Task goal: The reply should be an exact repeat of the listing, with no pictures in it.

Exercise data:
--- START ---
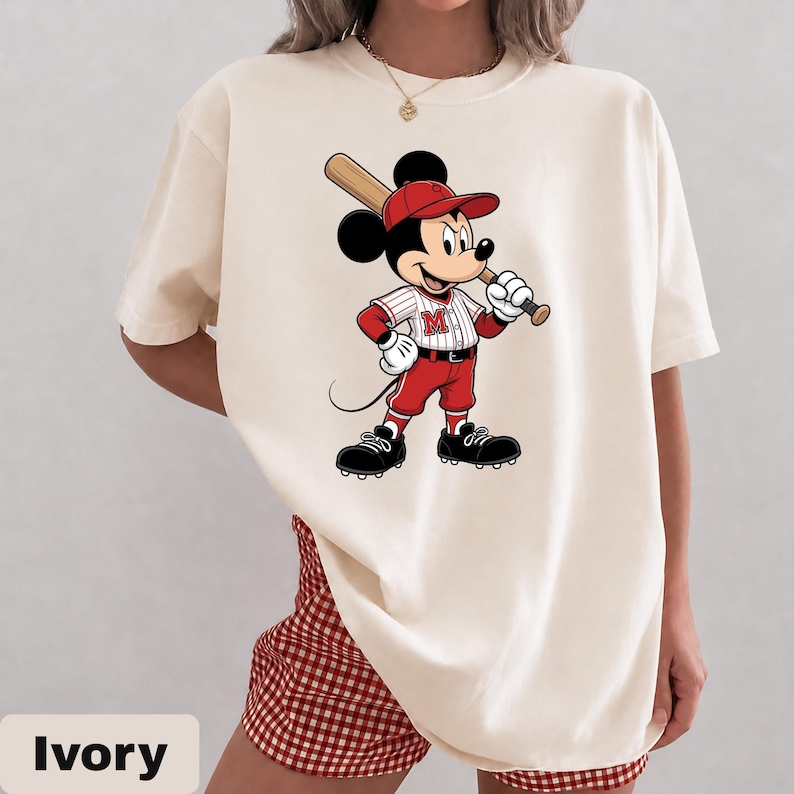 Comfort Colors Disney Mickey Mouse Baseball T-Shirt, Vintage Mickey Sports Tee, Retro Disney Game Day Shirt, Baseball Mom Top image 1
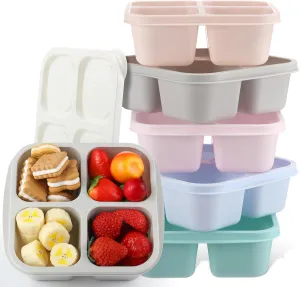 Honeydak Snack Containers 4 Compartment, 5 Pack Bento Snack Boxes Reusable Lunchable Containers with Lids Divided Meal Prep Lunch Food Storage Box for School Work Travel(Macaroon Color)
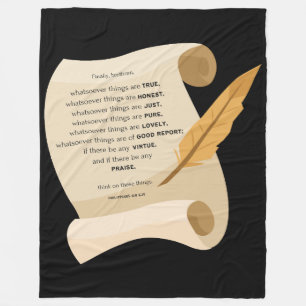 Philippinen 4:8 KJV Biokonzept-Scroll Fleecedecke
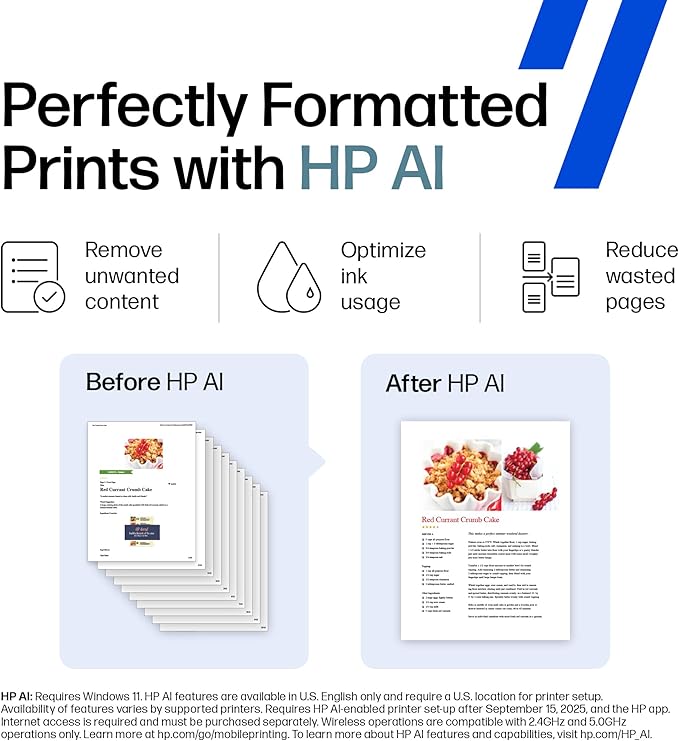 HP OfficeJet Pro 9720e Wide Format Wireless All-in-One Color Inkjet Printer, Print, scan, Copy, ADF, Duplex Printing Best for Office, 3 Month Instant Ink Trial Included, AI-Enabled (53N95A)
--- END ---
Answer box:
 Comfort Colors Disney Mickey Mouse Baseball T-Shirt, Vintage Mickey Sports Tee, Retro Disney Game Day Shirt, Baseball Mom Top image 1
 Honeydak Snack Containers 4 Compartment, 5 Pack Bento Snack Boxes Reusable Lunchable Containers with Lids Divided Meal Prep Lunch Food Storage Box for School Work Travel(Macaroon Color)
 Philippinen 4:8 KJV Biokonzept-Scroll Fleecedecke
 HP OfficeJet Pro 9720e Wide Format Wireless All-in-One Color Inkjet Printer, Print, scan, Copy, ADF, Duplex Printing Best for Office, 3 Month Instant Ink Trial Included, AI-Enabled (53N95A)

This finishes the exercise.